Exactly the same is happening with the sovereign debt crisis. We now know the figures the Greeks used to get into the euro were largely fiddled. Worse, it turns out the banks have been complicit in hiding the extent of Greek government borrowing. At least 15 securities firms, including Goldman Sachs, helped create complex ‘swap’ instruments that let the Greek government defer interest payments, so hiding yet more borrowing under the carpet. At the insistence of the Germans, the EU is now investigating.

The trouble is, that kind of creative accounting has been going on everywhere. The Italians pulled similar tricks to help massage their borrowing figures, often by swapping Italian debts into yen. And the ratings agencies have hardly covered themselves in glory. They’ve downgraded Greece, but probably not to the extent that they should. It is shocking that they haven’t downgraded Britain yet, and it is hard to believe that the only reason they haven’t is because they don’t want to offend the British government (a significant customer, let’s remember).

No one really believes that Britain is a triple-A rated borrower anymore, given the markets put a higher price on McDonald’s debt than British gilts. In this country, huge tranches of government debt have been shifted off balance sheet. The private finance initiative has become a vehicle for concealing how much the government is really borrowing. Pensions obligations are left unfunded because putting a cost on them would reveal how much the government will have to raise. That is true of other countries too. Governments aren’t levelling with their electorates or with the markets.

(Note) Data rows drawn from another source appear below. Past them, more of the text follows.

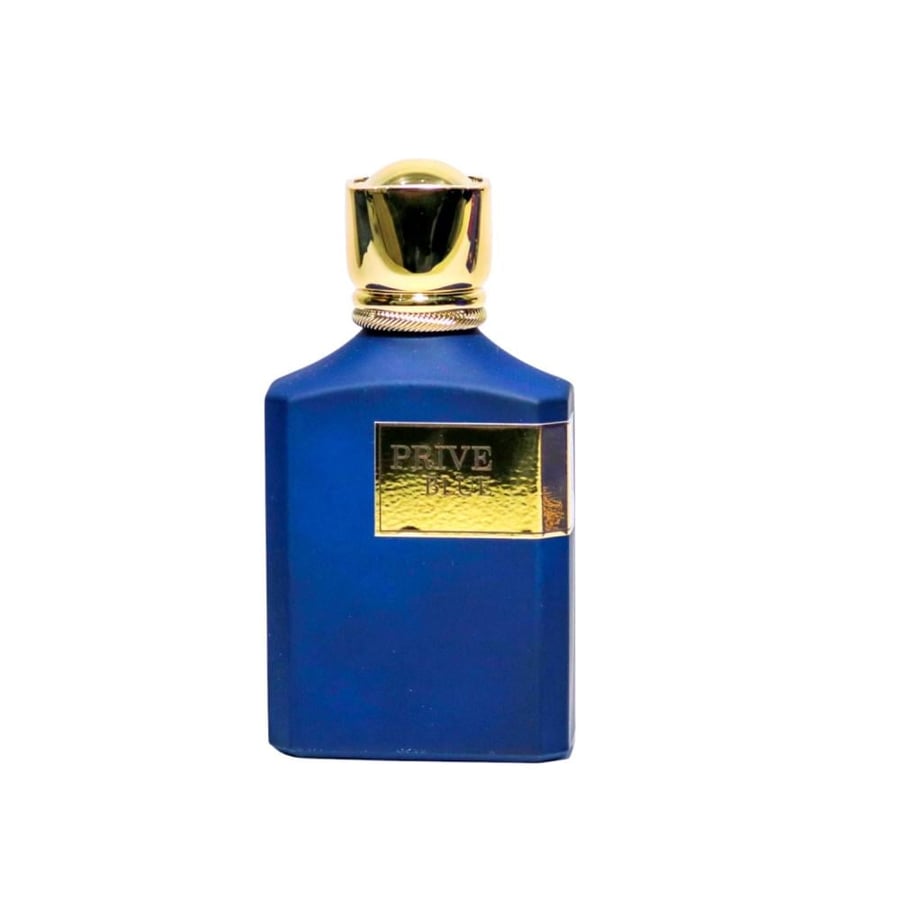 برايف PRIVEعطر  افضل 10 عطر  رجالي جذاب للنساء فواح اجمل 10 عطر نسائي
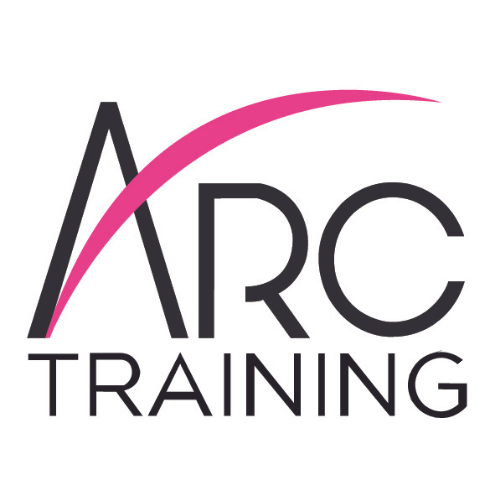 ARC Training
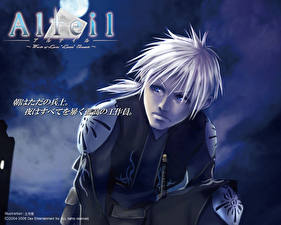 Фотография Alteil.Net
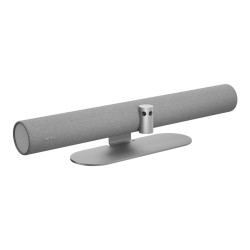 JABRA PANACAST 50 TABLE STAND GREY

Above all, dishonesty is corrosive. The global banking system holds vast quantities of government paper. If it starts to suspect government debt statistics are being fudged, and the extent of indebtedness is being fiddled, suddenly no one is going to want to trade with it. By itself, the sovereign debt crisis would be a big enough problem. Fixing it would involve a lot of hard work, taking many years. Governments would have to stop throwing money at electorates like confetti. Public-sector employees would have to work harder for longer. But add in contagion, greed and dishonesty, and it has the potential to turn into a replay of the whole subprime debacle. Brace yourselves. Greece is just the start. This could soon get very nasty.